The members of Group Doueh live in Mauritania. So in a pedantic sense the band is Mauritanian, but its music doesn't sound quite like the other Mauritanian music you might have heard, the Moorish kind performed on traditional instruments by Dimi Mint Abba and her husband Kalifa Ould Eide, or the Afro-Arab folk pop of Malouma. There are strong parallels between Doueh's music and Dimi's, but to a casual listener Group Doueh is more likely to suggest the Sahara blues of Tuareg groups like Tartit and Tinariwen: rolling, confident splashes of electric guitar, the clapping and chanting of women, the singular response of a man.
The most obvious difference between the albums from those bands and the current album from this one lies in the recording. The songs on Group Doueh were recorded by the group itself, "at home", say the liner notes, "on modest cassette recording equipment". But you don't need to read the packaging to know that. All you need to do is listen. Different musicians seem to shriek noisily or fade out altogether, depending on their proximity to a single microphone. In parts of "Tirara" the women are heard as if they are in the distance, a faint ricochet of clapping sitting far back in the landscape of the song, while the tangled chainsaw of the guitar claws obtrusively across your ear. During "Eid el Arsh" the voice of one woman, who might be Doueh's wife Halima, shoots forward with a metallic screech, followed by the guitar, which blots her out. She resurfaces when the guitar pauses, then disappears behind it, then surfaces again. Listening to this song is like listening to two people scream at one another, although there's nothing in the tenor of the album to suggest that Doueh and the other members of his family band actually do scream at one another. Instead they have the same group-sound that usually winds its way through the roots music from this part of the world: everyone in the same snug room listening attentively for their cues and judging their tempo against the decisions of the others.

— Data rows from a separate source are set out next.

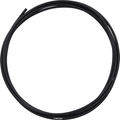 capgo Funda de cables de frenos BL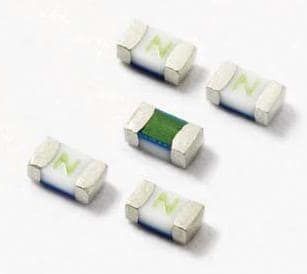 04401.25WR electronic component of Littelfuse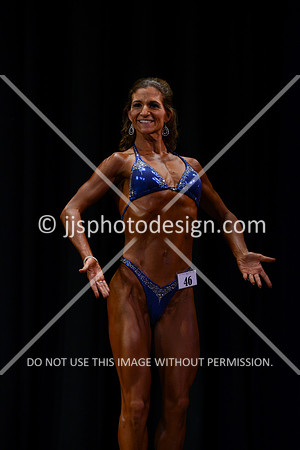 031614_Comp_46-18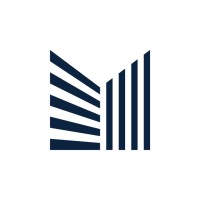 MOUNT Towarzystwo Funduszy Inwestycyjnych S.A. Logo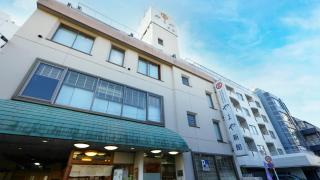 やまや新館 - Kasukabe - 8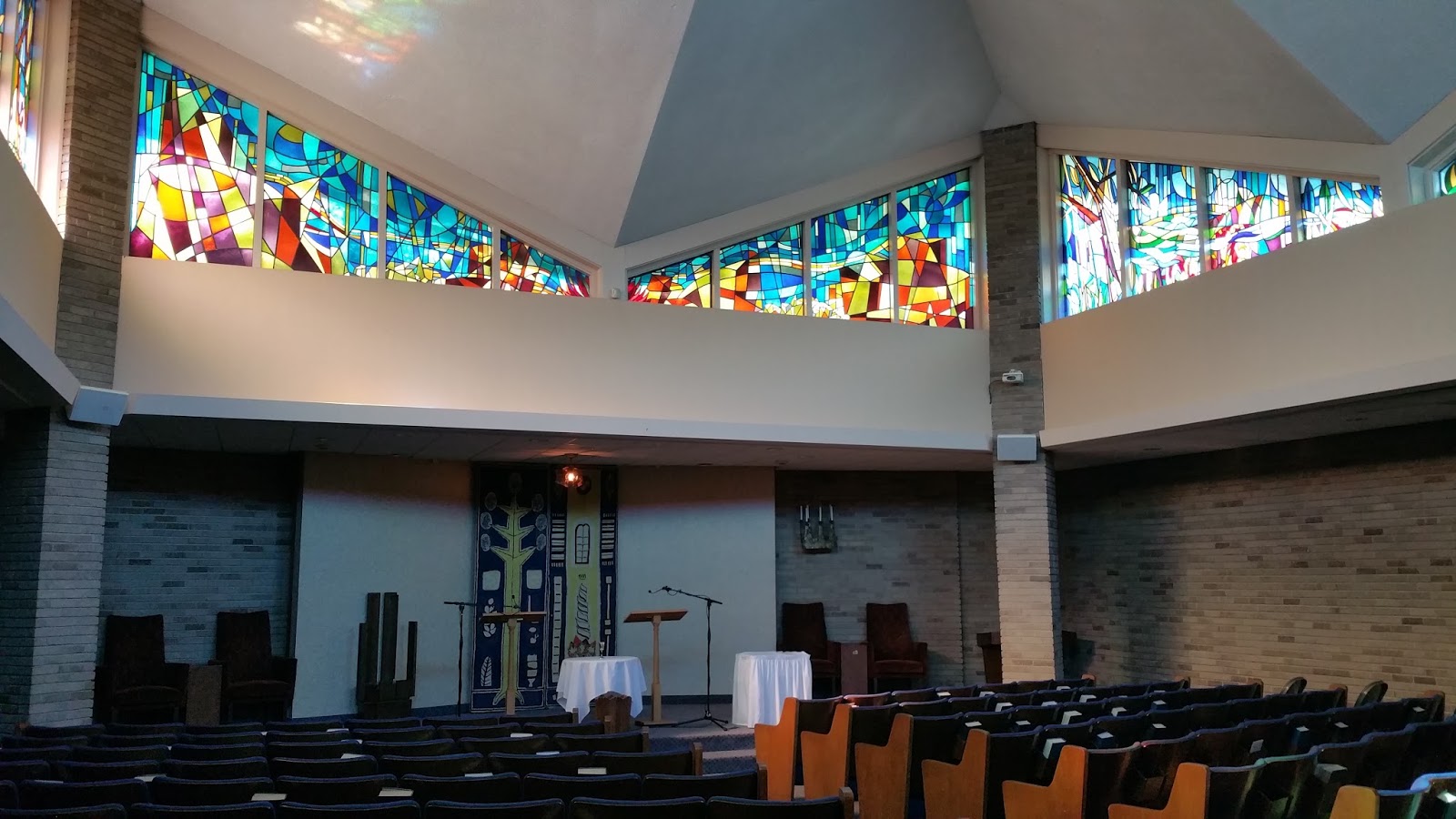 Samuel Gruber's Jewish Art & Monuments USA Beachwood Ohio's Fairmount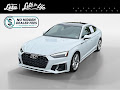 2021 Audi A5 Sportback 45 S line Premium Plus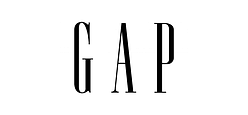 GAP, Gapfactory, Oldnavy
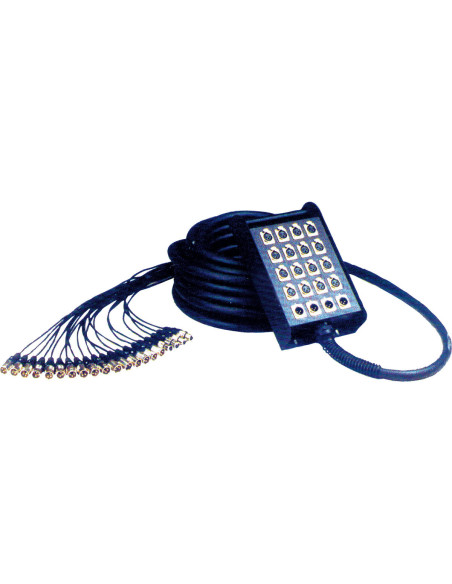 H104-10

Sublime Frequencies appears to be acting as a conduit here, not a producer, not an intrusive presence, no nipping and tucking involved, no polishing or tidying. These were cassette-quality recordings to start with and that's how they've stayed. Technically speaking, Group Doueh stands in relation to an album like Tinariwen's Aman Iman as a studio rock album stands to a lo-fi indie release recorded in somebody's garage. On the former the production tries to seem transparent, it wants to vanish so that you forget it's there and imagine that the artist is singing directly to you. On the latter the production is sometimes all you can think about, the deficiencies of it, the way it alters the sound, the infidelities, the uncleanness, the grit. You become aware of the obstacle that sits between yourself and a living experience of the band, as you might become aware of the air you breathe only when the morning is foggy.
The liner notes hint that the members of Group Doueh prefer it this way. "As the group began to draw more attention [in the 1980s], recording offers came from the Moroccans and Europeans but all were refused. They soldiered on and recorded prodigiously at home." Then again, the labels offering to record them might have been crooks, obvious exploiters, eager to make a quick buck and dump the band afterwards. I wonder what kind of money they're getting for Group Doueh. A nice amount, I hope, since the album covers several decades of work, compiling songs from the 1980s along with more recent ones recorded in 2006. A New Wave percussion effect zoops into "Dun Dan" for no more than a few seconds and grounds the song weirdly in several places at once: the Arabic-sounding folk wail of the singing, the Hendrix jangle of the guitar, and then this breakthrough of dayglo light from a roller skating rink circa 1985. It's in moments like this that Group Doueh overcomes the limitations of its recording style and startles you on its own terms. On the whole though, the style wins: too often on this album we're left listening to the intrusions of the recording rather than the accomplishments of the band.